_Given material:_
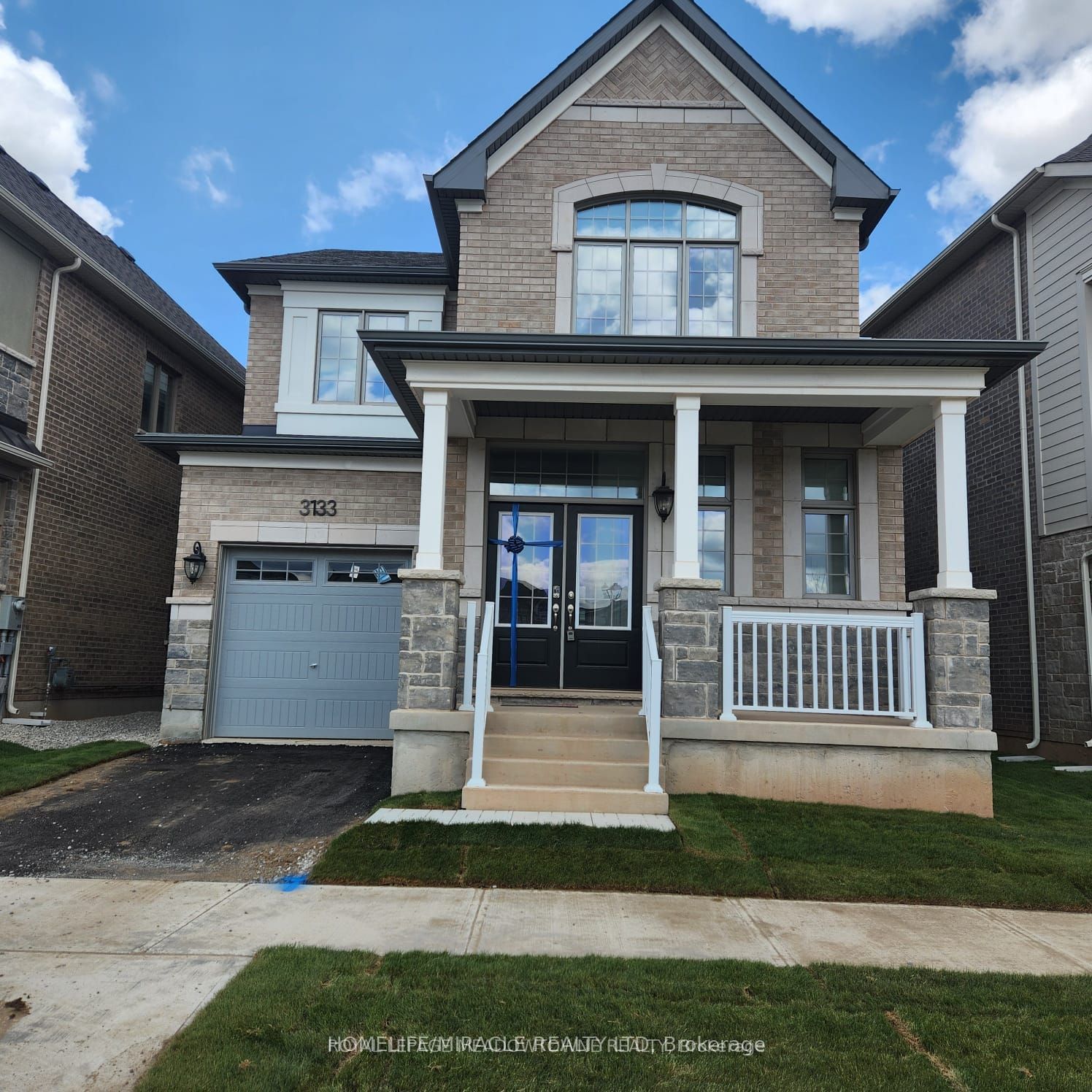 3133 Moss Gardens, Oakville, ON, L6M 4L8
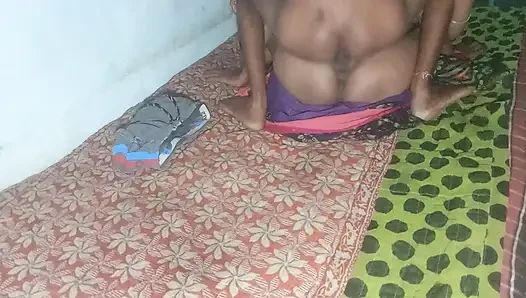 İlk kez komşu arkadaşımın bakire amcığını siktim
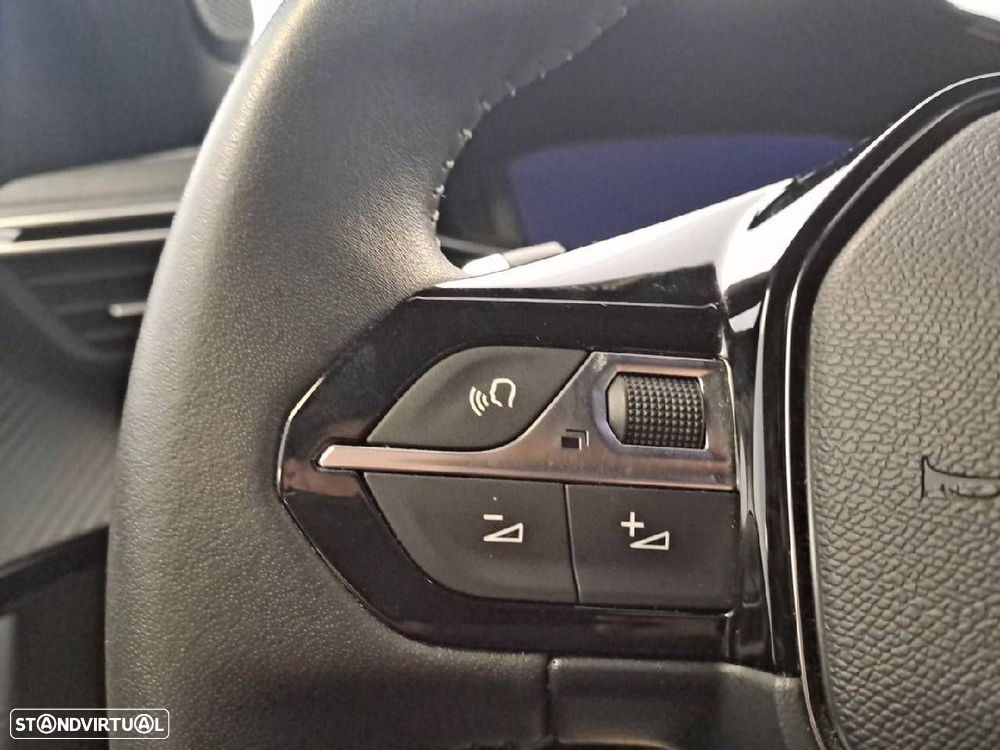 Peugeot 2008 1.2 Hybrid Allure e-DCS6 - 15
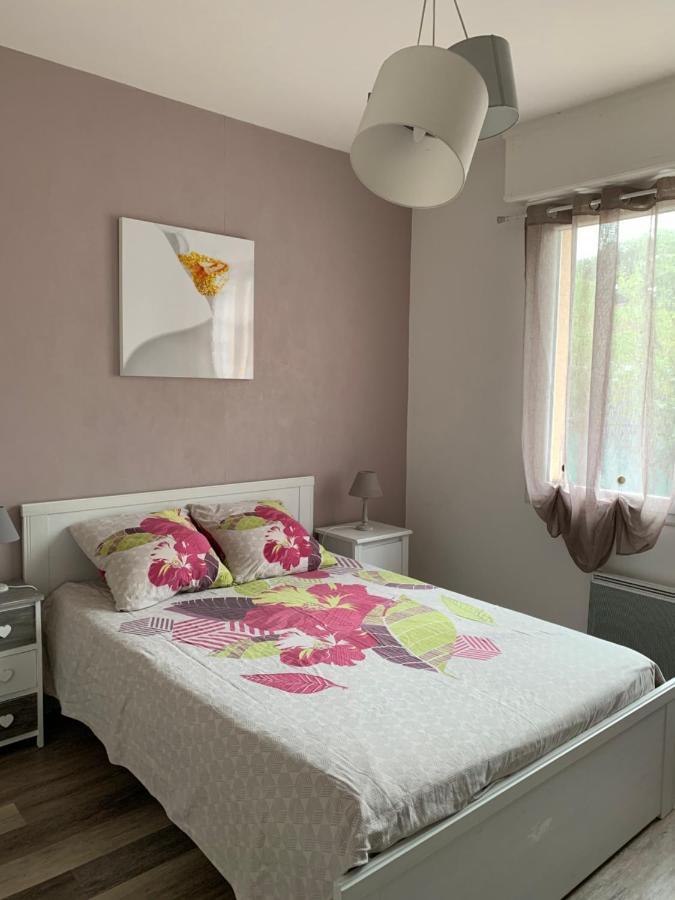 Lilas Pessac Luaran gambar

_Required action:_ Everything in the listing above must be restated word for word, except the images.

_Task output:_
 3133 Moss Gardens, Oakville, ON, L6M 4L8
 İlk kez komşu arkadaşımın bakire amcığını siktim
 Peugeot 2008 1.2 Hybrid Allure e-DCS6 - 15
 Lilas Pessac Luaran gambar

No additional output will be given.